Le combat des femmes

Ça aurait pu être moi. Ça aurait pu être ma fille ou ma petite-fille. Ces commémorations me rappellent chaque année que la partie n’est jamais vraiment gagnée pour les femmes, où qu’elles soient dans le monde.

— Francine Cadieux-Roy

Nécessaire féminisme

Une grande peine, un énorme chagrin, c’est ce que je ressens chaque année à pareille date depuis le jour de la tuerie. Le souvenir de cette haine ressentie envers les femmes. J’ai le souvenir de moi qui essaie d’expliquer, dans les bons mots à mes fils de 10 et 12 ans à l’époque, que, oui, être une femme peut être dangereux. Je me souviens de pleurer dans ma cuisine en pensant à elles, à leurs parents et me demandant comment éduquer mes enfants dans le respect des autres, dans la non-violence, dans l’égalité. 

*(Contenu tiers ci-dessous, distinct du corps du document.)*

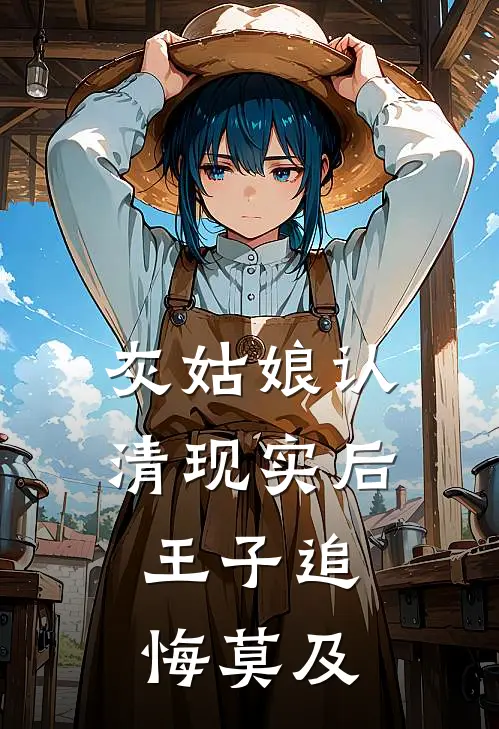 灰姑娘认清现实后，王子追悔莫及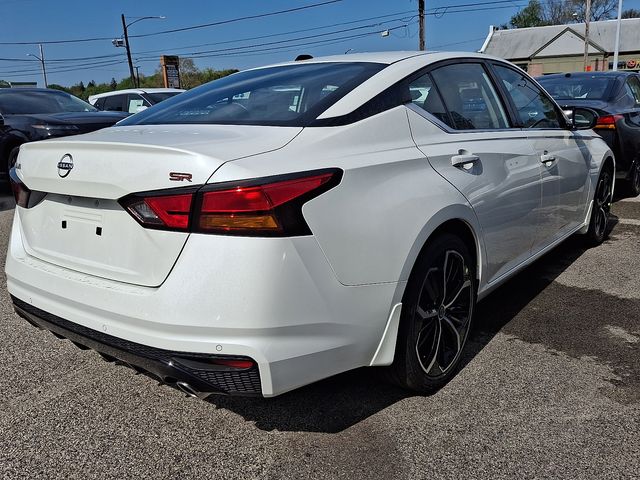 2026 Nissan Altima SR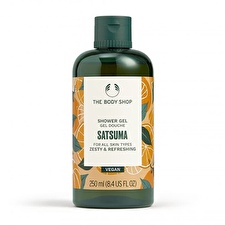 The Body Shop Satsuma Shower Gel (shower Gel) - Volume: 60ml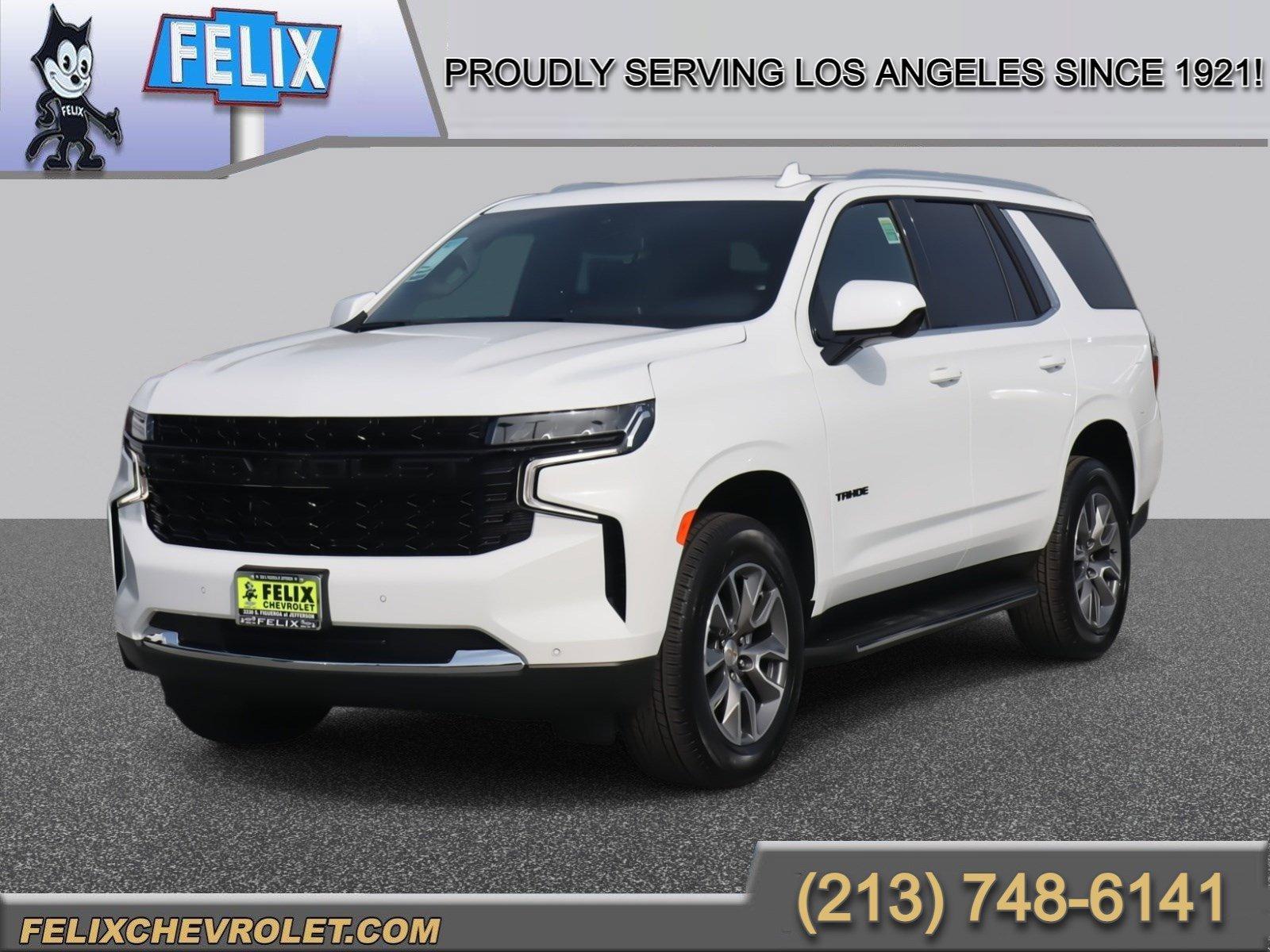 2024 Chevrolet Tahoe Vehicle Photo in LOS ANGELES, CA 90007-3794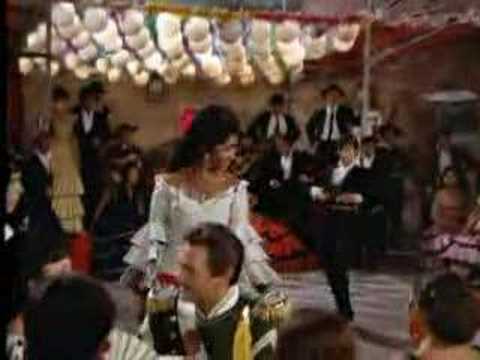 Grace BUMBRY - Carmen - Gypsy Song (Les tringles)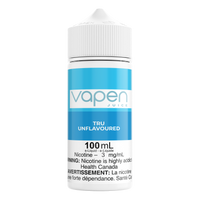 Tru Unflavored 50/50 - Jus Vapen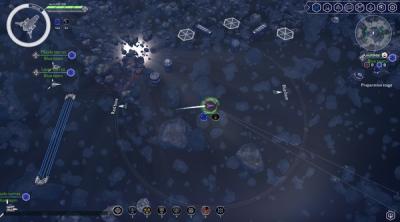 Screenshot of Project Amalthea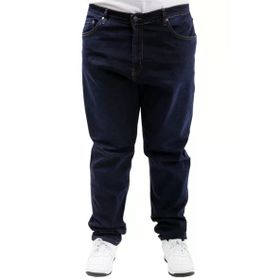Mode XL 24900 Neptün Lacivert Erkek Kot Pantolon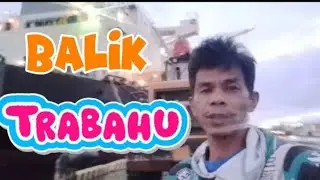 BALIK trabahu 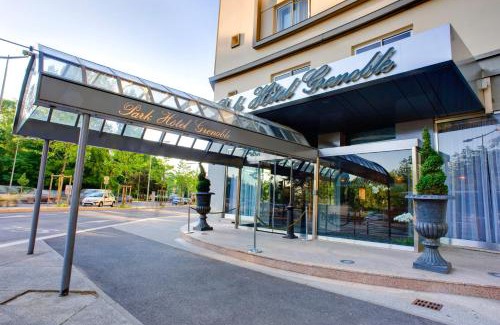 Quartier Exposition-Bajatiere Hotel | Park Hotel Grenoble - MGallery Collection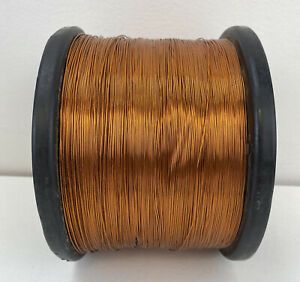Superior Essex Magnet Wire 22 AWG Gauge 10 Lb Enameled Copper Coil H GP/MR-200
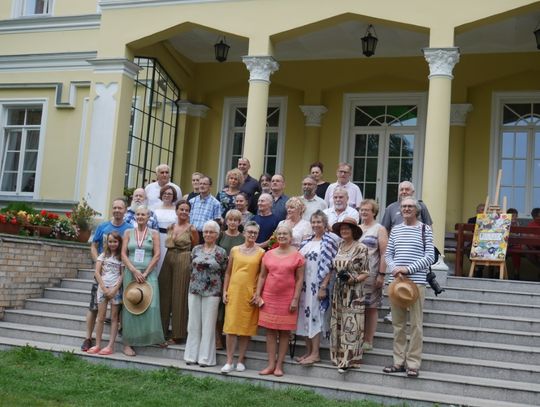 Podsumowanie Artystyczne Spotkania Przyjaciół Gryfice - Rybokarty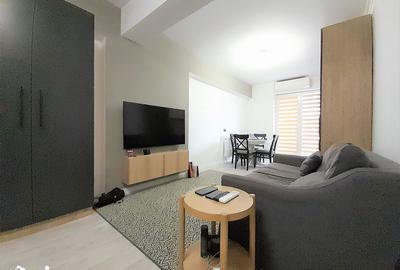 Apartament cu 2 camere semidecomandat, mobilat în Vitan - 3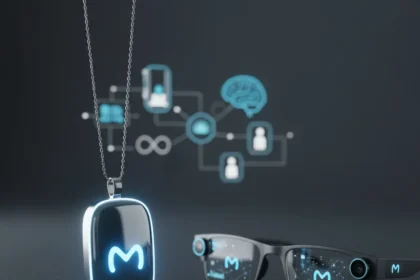 Meta's AI wearable push signals shift beyond smart glasses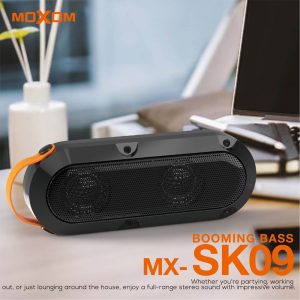 Moxom MX-SK09 Booming Bass Mini Portable - Image 3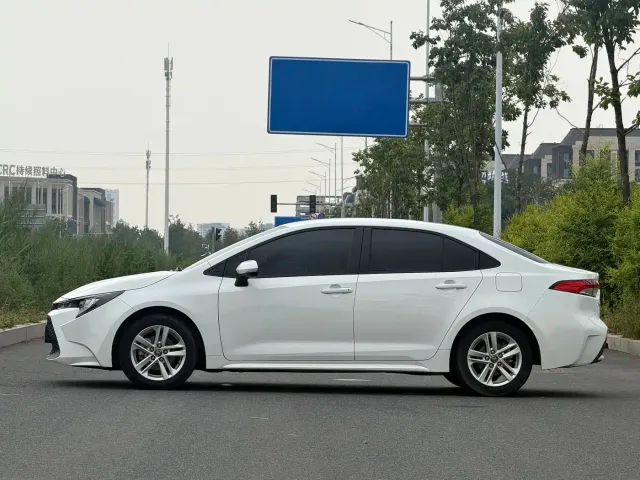 Toyota Levin — Фото автомобиля 7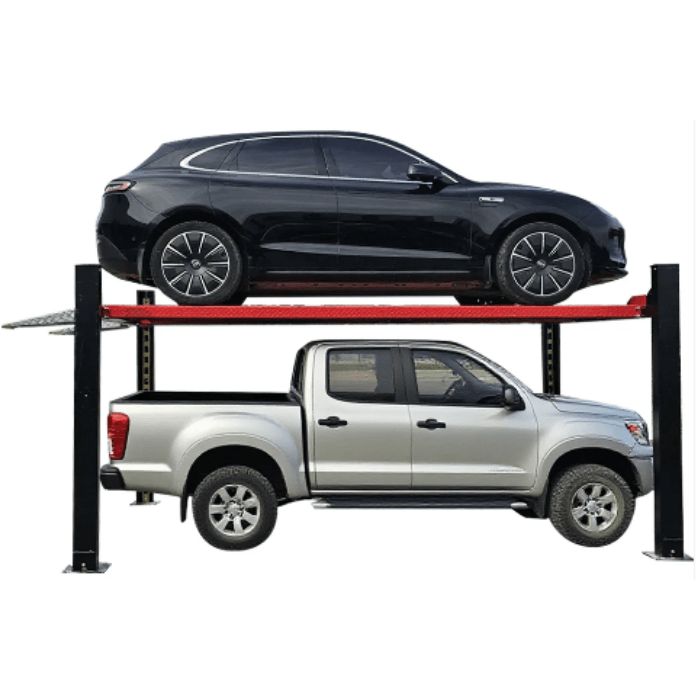 Katool 4 Post Storage Lift - 9,500lb Capacity | KT-4H950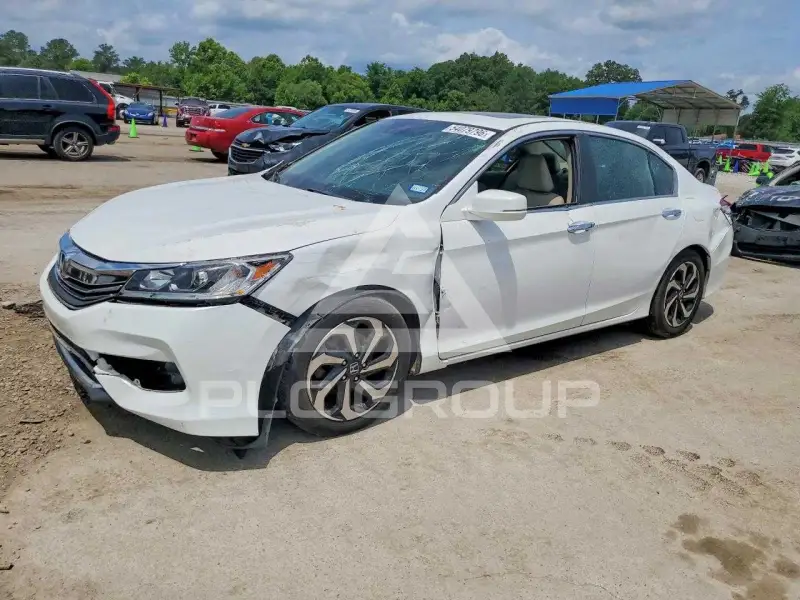 2017 Honda Accord фото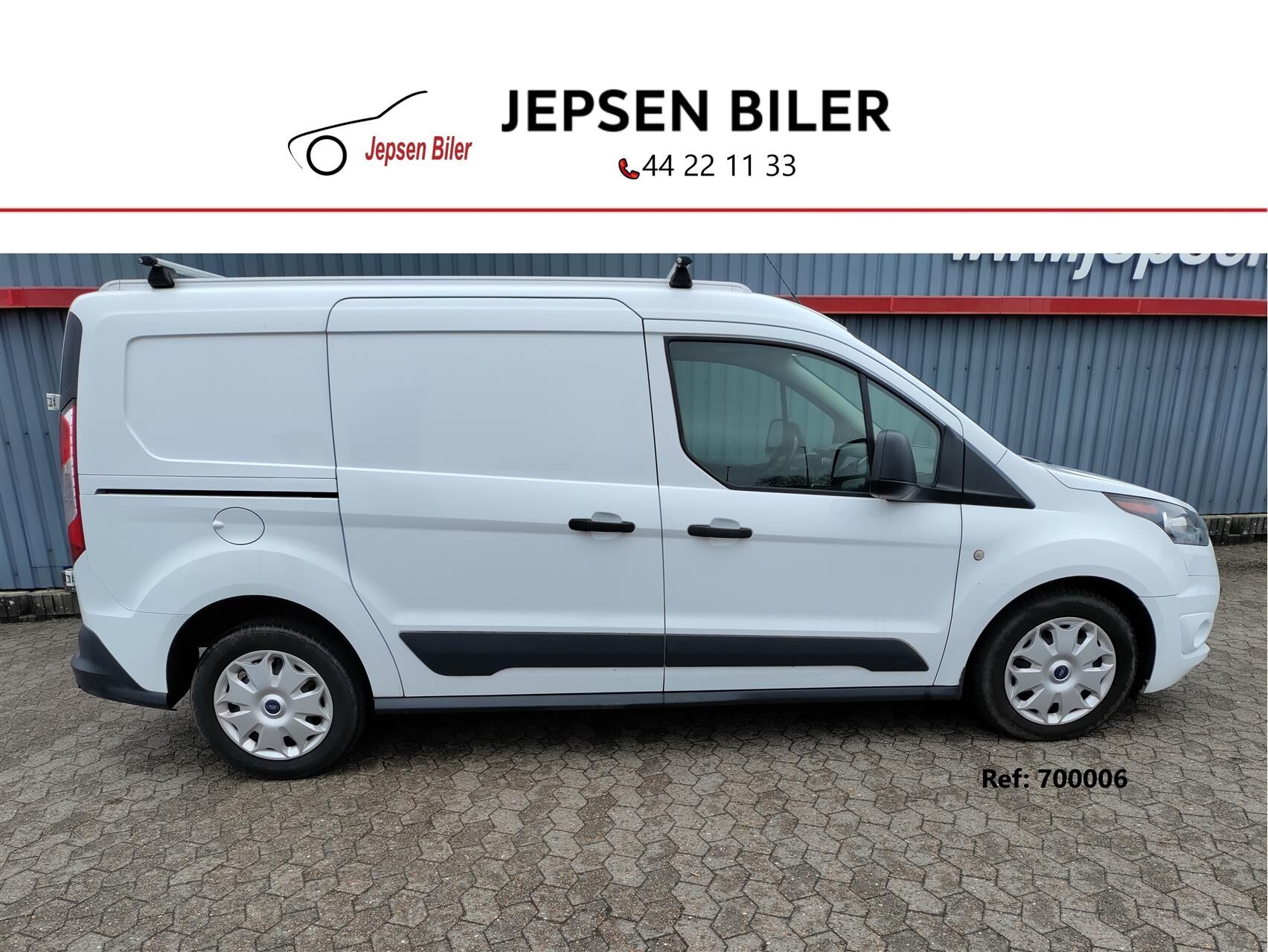 Billede af Ford Transit Connect 230 L2 1,5 TDCi Trend 100HK Van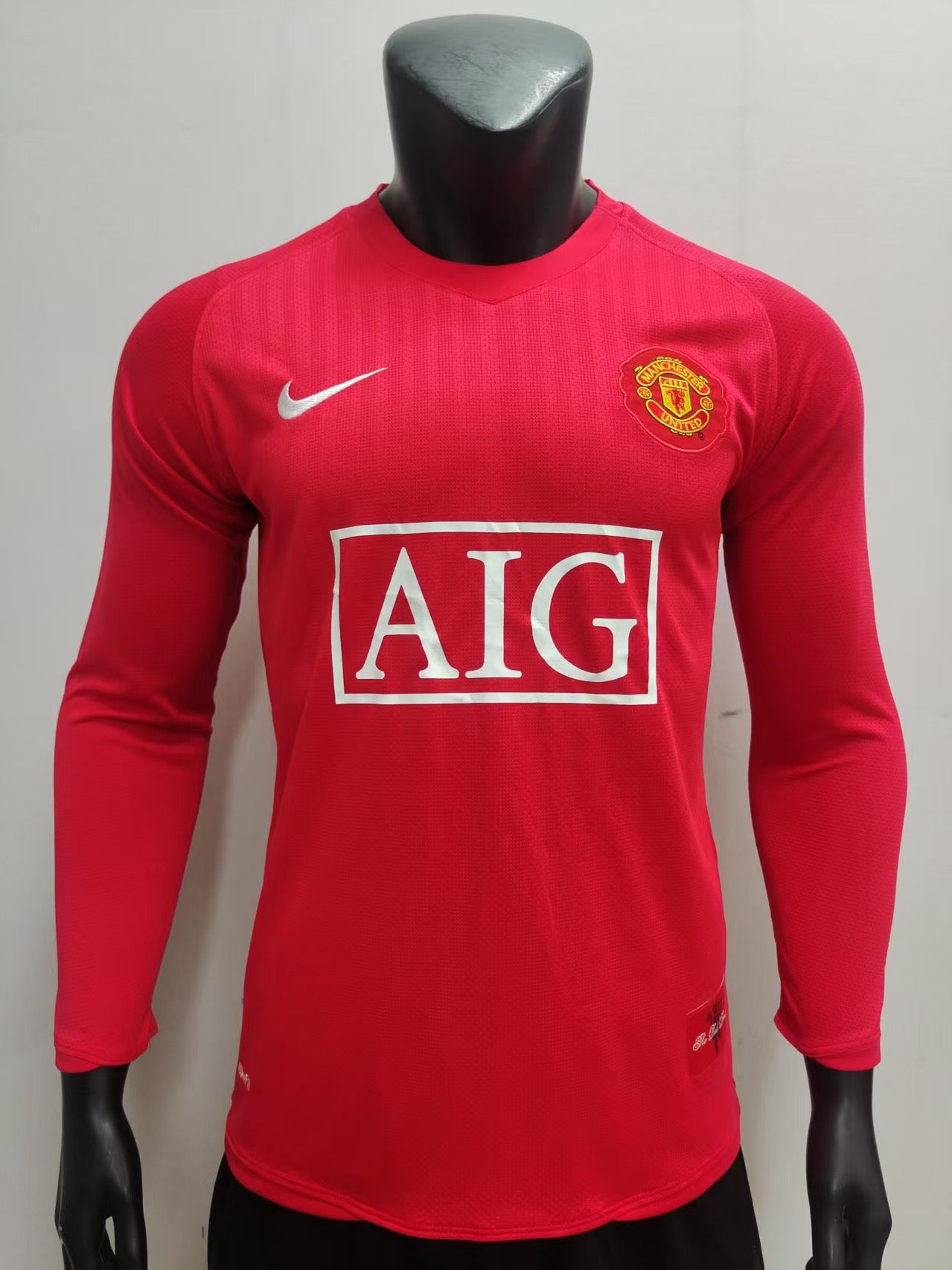 MANCHESTER UNITED FC - 2007-2008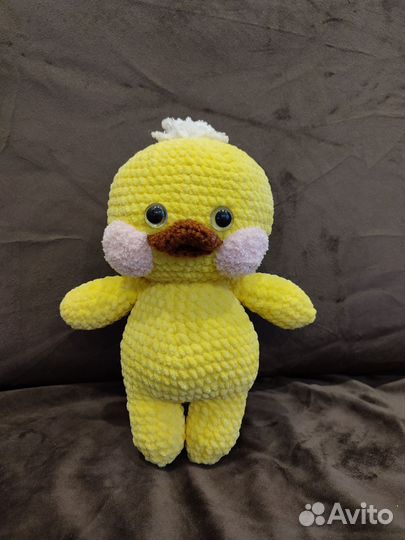 Игрушки амигуруми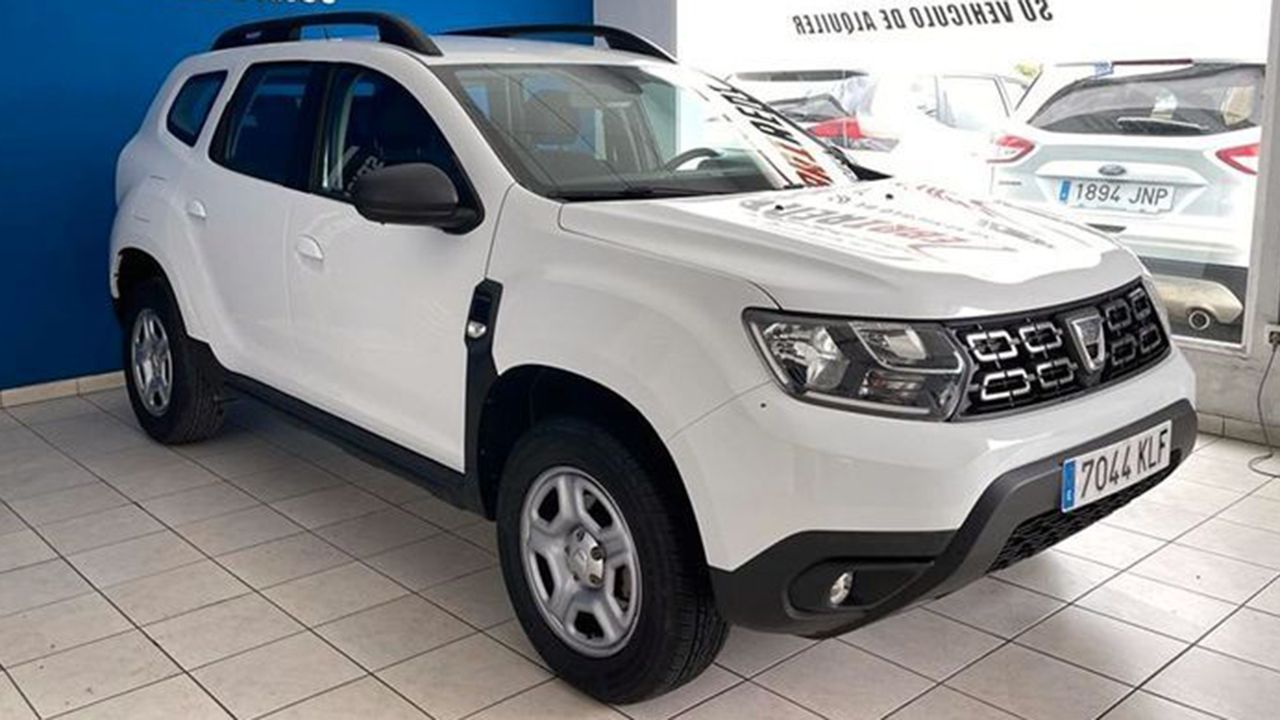 Dacia Duster Comfort dCi 4x4 de 2018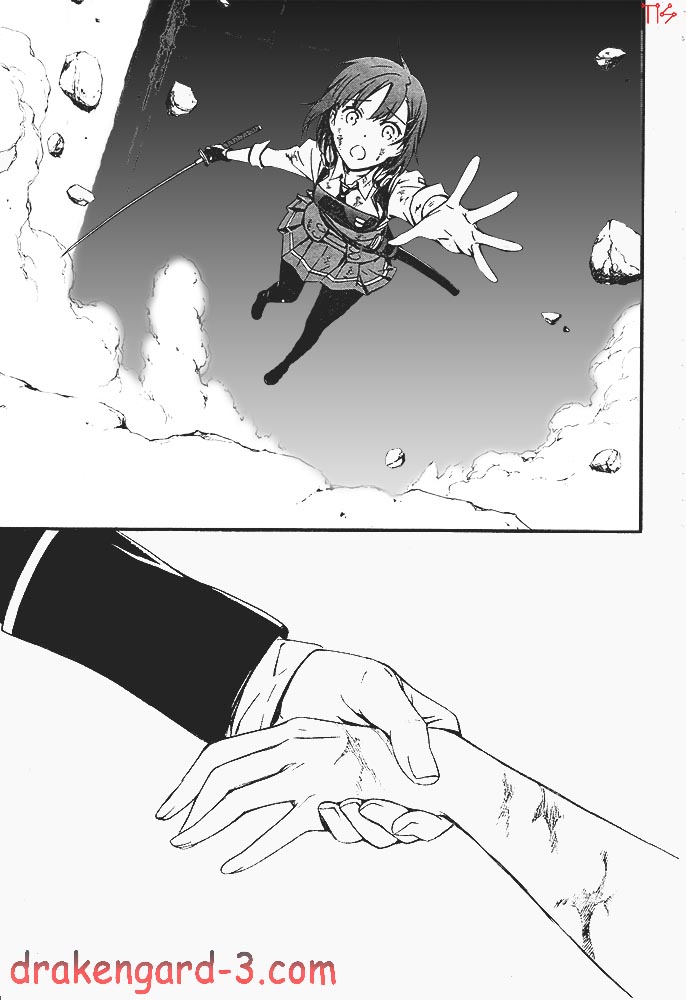 Kimi Shi ni Tamou Koto Nakare Chapter 1 page 56 - Chapter 1 : The Battlefield, The Boy, The Girl, and Death
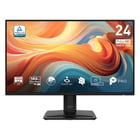 Monitor MSI PRO MP243 E14, 23,8 polegadas, FHD, ecrã plano, 144 Hz, 1 ms, 1x HDMI, 1x DP, UE - MSI 9S6-3PD1CT-049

Cet horrible évènement a fait en sorte que quatre enfants ont inculqué dans leur vie la notion de féminisme sans connotation négative, mais bien comme un mouvement nécessaire à notre société. 

— Ginette Létourneau

Je ne peux oublier

J’étais enceinte de mon deuxième enfant, je suivais un cours prénatal à la piscine du Collège de Bois-de-Boulogne. La rumeur se répandait qu’un drame horrible venait de se produire. Étant une femme et ancienne étudiante de l’Université de Montréal, c’était comme si l’on s’attaquait à ma famille. Toutes les femmes présentes au cours étaient remuées par cette nouvelle. Encore aujourd’hui lorsque l’on souligne la date anniversaire, j’ai une pensée pour ces femmes et leurs familles. En plus, ma première fille, née en 1987, a fait ses études à l’École polytechnique. Elle est ingénieure et je suis fière d’elle.

— Suzanne Phaneuf, Montréal

Le 7 décembre, j’ai remis mon jonc

J’étais étudiante en génie à Chicoutimi. À une époque où les réseaux sociaux n’existaient pas, je n’ai eu connaissance de la nouvelle que le lendemain matin. À mon réveil, à la radio, on parlait d’une tuerie de masse où 14 jeunes femmes, étudiantes en ingénierie, avaient été froidement abattues par un tireur fou. 

Les cinq premières minutes, aucun endroit n’avait été nommé. Je me disais que ça avait dû se passer dans un pays ne reconnaissant pas l’égalité entre les hommes et les femmes. Quand j’ai compris que c’était chez nous, je suis tombée en état de choc !

Quelques semaines auparavant, j’avais reçu mon jonc d’ingénieure lors de la collation des grades. J’avais rangé mon jonc dans une boîte, dans un tiroir. À ce moment, je trouvais futile le besoin d’exposer, par un artifice, ma profession.

Le 7 décembre 1989, j’ai remis mon jonc en me disant intérieurement qu’aucun homme, quel qu’il soit, ne m’empêcherait d’exercer la profession que je veux. Depuis, je le porte toujours, à la mémoire des 14 victimes.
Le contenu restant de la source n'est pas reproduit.